If you are interested in performing a shallow sentiment analysis of Tweets, or developing an exploratory topic model of some corpus, you won’t need TextThresher. If you have a few dozen interviews to analyze, TextThresher is probably overkill. But if you want to extract hierarchically organized, openly validated, research-grade records of related social entities and concepts appearing across thousands of longer documents, TextThresher is for you. Especially in this first beta version, it is ideally suited for the analysis of news events, historical trends, or the evolution of legal theories. Here’s how it works:
The crowd content analysis assembly line TextThresher enables is organized around two major steps. First, annotators identify (across the researcher’s documents) text units (words, phrases, sentences) that correspond with the (relatively small number of) nodes at the highest level of the researcher’s hierarchically-organized conceptual/semantic scheme. These high-level nodes describe a researcher’s units of analysis, the social units (be they individuals, events, organizations, etc.) described by variables and attributes at the lower-level nodes of the conceptual/semantic scheme. In contrast to old-style content analysis, an annotator using TextThresher does not even attempt the conceptually overwhelming task of applying dozens of different labels to a full document. They just label text units corresponding with the (usually) 3-6 highest level concepts important to a researcher. This is comparatively easy work.
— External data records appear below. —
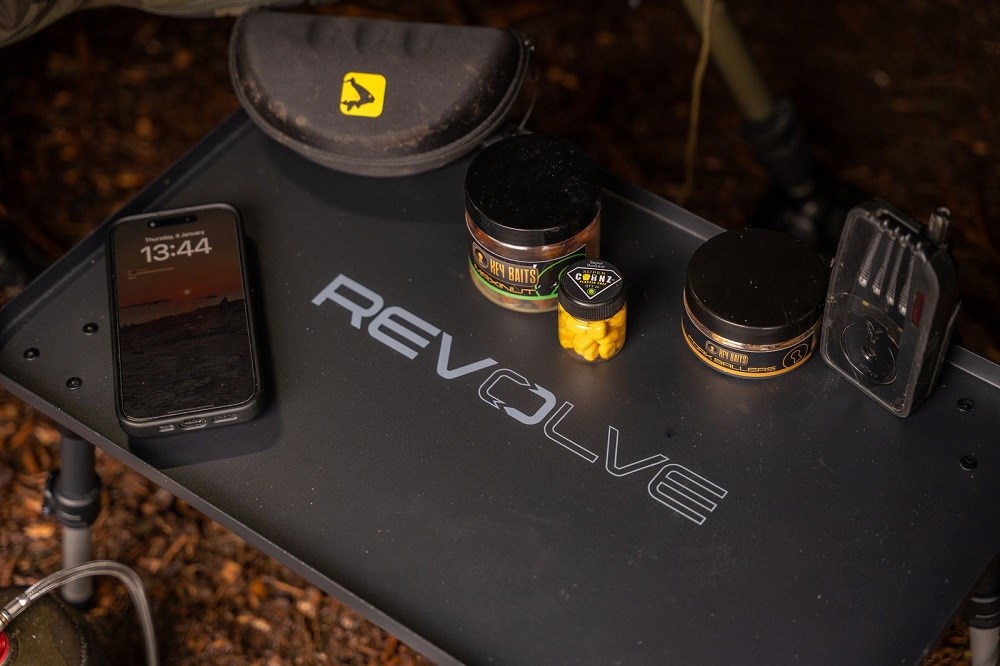 Avid Carp Stolek Do Bivaku Revolve Bivvy Table (obrázek 11)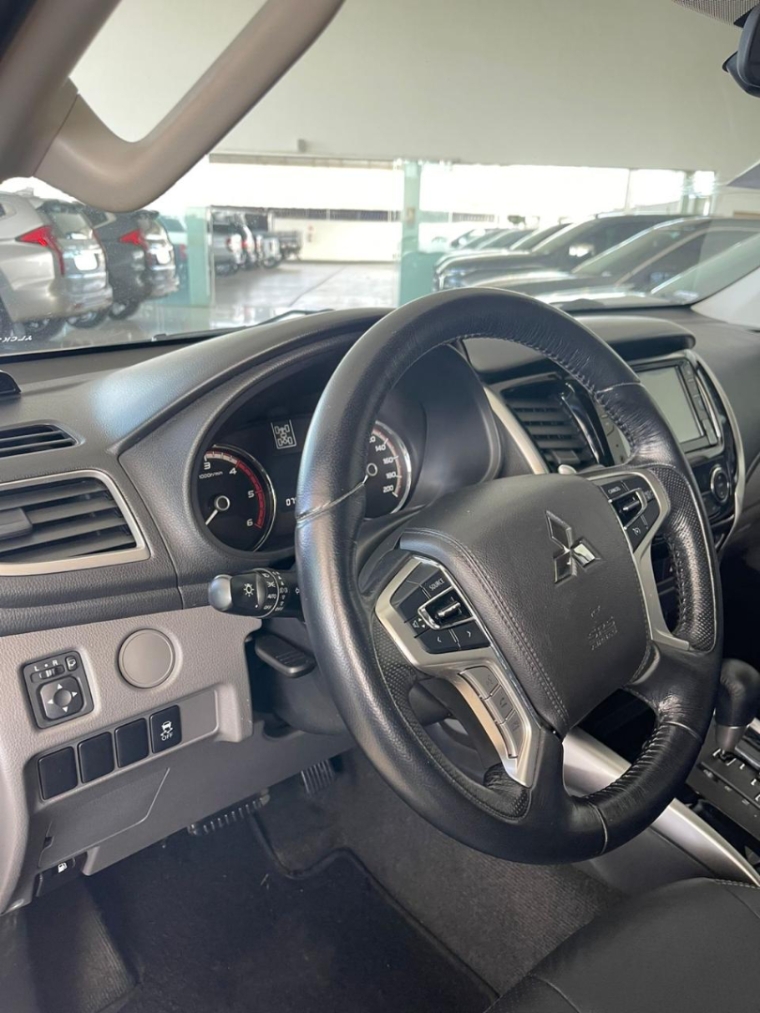 mitsubishi l200 triton 2.4 16v turbo diesel sport hpe cd 4p 4x4 automatico 2020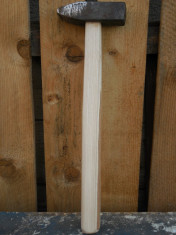 AuX: CIOCAN vechi de fierarie, forja, facut din fier masiv, coada noua din lemn de frasin, greutate 1,3 Kg! (2) foto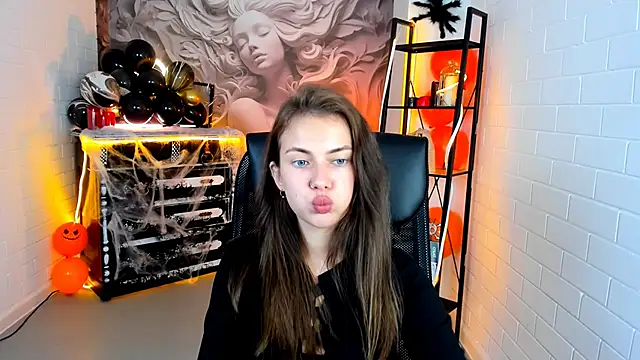 Snapshot of SeaJorji chatting on October 19, 9:12 am SeaJorji online show from October 19, 9:12 am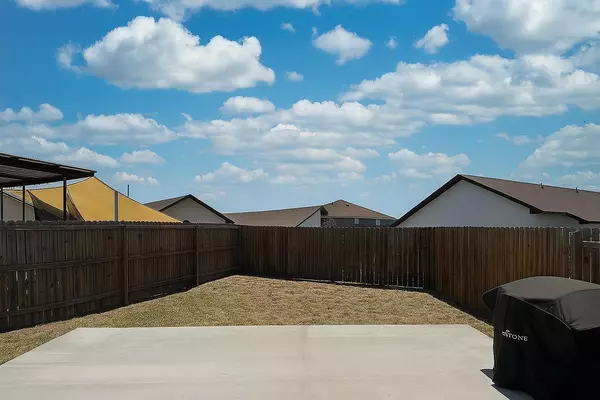 3506 Jose C Santos Dr, Laredo, TX 78046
In the second step, TextThresher displays those much smaller text units, corresponding with just one case of one unit of analysis, to citizen scientists/ crowd workers, and guides them through a series of leading questions about the text unit. Since TextThresher already knows the text unit is about a certain type of unit of analysis (or ‘object’ to use computer science speak), it only asks questions prompting users to search for details about the variables/attributes of that unit of analysis. By answering this relatively short list of questions and highlighting the words justifying their answers, citizen scientists label the text exactly as highly-trained research assistants would. But their work goes much faster and they are more accurate, because (1) they are only reading relatively short text units, (2) they are only concerned to find a relatively short list of variables (that are guaranteed to be relevant for the text unit they are analyzing); and (3) the work is organized as a ‘reading comprehension’ task familiar to everyone who has graduated middle school.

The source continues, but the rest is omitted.